Ancora sotto choc per l’intrusione di un corpo contundente nel mio delicato io, rimango in trance e non seguo minimamente i consigli, i pareri, le indicazioni che la signora in camice bianco declama come una lentissima litania, tra l’altro profumatamente ricompensata.
Grazie al rompete le righe anticipato gentilmente concesso dal nostro Big Boss dalle lunghe e dorate chiome fluenti, un giorno prima del previsto mi ritrovo in terra di coloro che a vita dovranno subire i nostri sfottò calcistici post Germania 2006, arrivando in quel di Cannes con una monovolume che aveva più le sembianze di un carro di zingari che di una autovettura famigliare: Annie, unitasi in last minute per evitare ogni qualsivoglia forma di apprensione dovuta ai tre maschi a zonzo, ha provveduto bene ad applicare una nuova teoria circa la compenetrazione dei corpi, arrivando a dei livelli di carico praticamente inimmaginabili.
Senza respira troppo per non rischiare di spostare ciò che era in equilibrio, giungiamo in Costa azzurra in tempo per immergere le membra in riva alla Croisette prima di un tramonto di fuoco degno di sottolineatura.
La fauna locale è suddivisibile in due uniche categorie: uomini truzzi e maranza che fanno a gara a chi emette più decibel da fuoriserie dagli infiniti cavalli imbizzarriti e donne tutte iscritte al Festival della Zoccola a pagamento, in attesa di loschissimi russi ed ambigui arabi, uniti in tutto e per tutto dal solo Dio denaro.
Facciamo un salto al locale ipermercato e dobbiamo ammettere che pur non provenendo dall’Unione Sovietica post staliniana, rimaniamo semplicemente stupefatti e sbigottiti dall’infinita, praticamente esagerata quantità di ogni ben di Dio alimentare che chiede solamente di saltare dentro ai nostri carrelli: figli del consumismo, abituati da ogni forma di grande distribuzione organizzata, siamo come bimbi fuori da un negozio di leccornie vedendo che ogni tipo di cibaria è presente in decine di varianti, quantità, versioni, soluzioni raggiungendo vertici di assoluta unicità.

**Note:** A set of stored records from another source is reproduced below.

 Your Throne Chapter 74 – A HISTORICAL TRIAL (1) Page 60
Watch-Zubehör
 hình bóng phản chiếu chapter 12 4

Tocchiamo con mano, riportando tra l’altro ustioni di primo grado, l’esorbitante costo della vita lungo il territorio prospiciente Cannes, ove qualsiasi cosa viene con un inspiegabile sovrapprezzo dovuto al “piacere” di trovarsi al copsetto di una molto teorica fetta del jet set, più facilmente descrivibile come immorali arricchiti dediti al più ostentato spargimento di feci.
La stragrande maggioranza delle presenze è pur sempre costituita dal resto del mondo, con differenza siderale di usi, costumi non griffati e soprattutto consumi parchi e morigerati, al punto da sembrare simile a certe immagini di scontro sociale tra latifondisti sudamericani immensamente ricchi e zombi provenienti da malfamate favelas.

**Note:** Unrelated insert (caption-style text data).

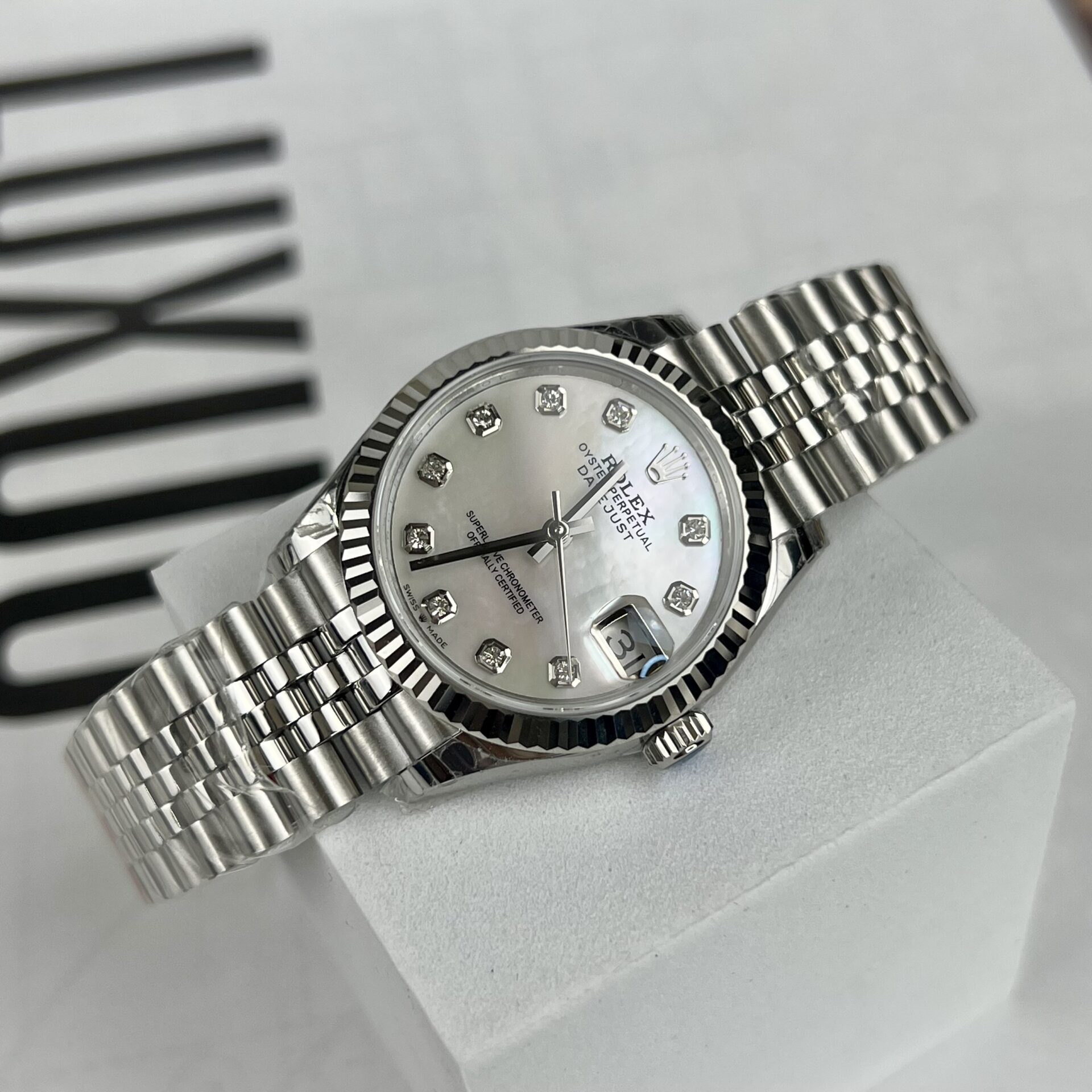9EE56334-16D2-EA7B-5BE0-F52F99AEFAE6.jpg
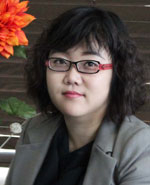 이유진 대표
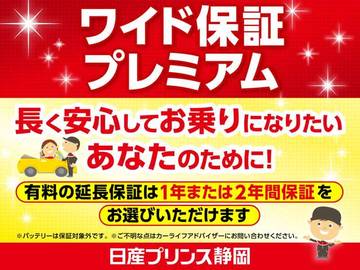複数画像3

Partiamo di prima mattina, non senza aver ingurgitato l’ennesima dose extra large di carboidrati e calorie, brutta abitudine che ritengo ci accompagnerà per tutto il Tour de France, e forse per la prima volta in vita nostra diamo un taglio storico-artistico-culturale alle nostre peregrinazioni turistiche, visitando Avignone, sede per sessantanni dell’esilio papale e borgo in tipico stile scatto fotografico a go go .
Grazie ad una caduta repentina della colonnina del mercurio, ci ritroviamo nel giro di pochi sessanta minuti a perdere ben 18 gradi al punto da temere fortemente l’apparizione di lui infreddoliti nel corso dell’attraversamento di dolci declivi che, con altre condizioni climatiche, potrebbero sicuramente assumere connotazioni ben più favorevoli.
Una violenta battaglia a cucinate pone fine al torpore che ci ha assalito durante una nottata passata, in pieno agosto, sotto spessi piumoni: ebbene si stiamo quasi rimpiangendo le torride cappe di caldo asfissiante tipiche della bassa padana mentre veniamo sferzati da gelidi aliti provenienti dai monti sovrastanti Clermont Ferrand.
Se nel corso delle prime ore di viaggio era necessario con grande sforzo di fantasia per poter definire piacevole un paesaggio totalmente piatto ed uniforme, le piacevoli ondulazioni e i verdeggianti saliscendi che si susseguono in maniera assai bucolica ed agreste nella regione dell’Alvernia rendono alquanto gradevole il percorso, purtroppo non degnamente supportato da un decente sottofondo musicale in quanto in più di ottocento chilometri in terra transalpina non abbiamo cuccato una dicasi una stazione radiofonica per lo meno decente, facendoci anelare le frequenze di Latte Miele e Radio Kiss Kiss per non parlare della televisione locale tacciata dal Tommy con critiche cui preferirei porre il veto della censura.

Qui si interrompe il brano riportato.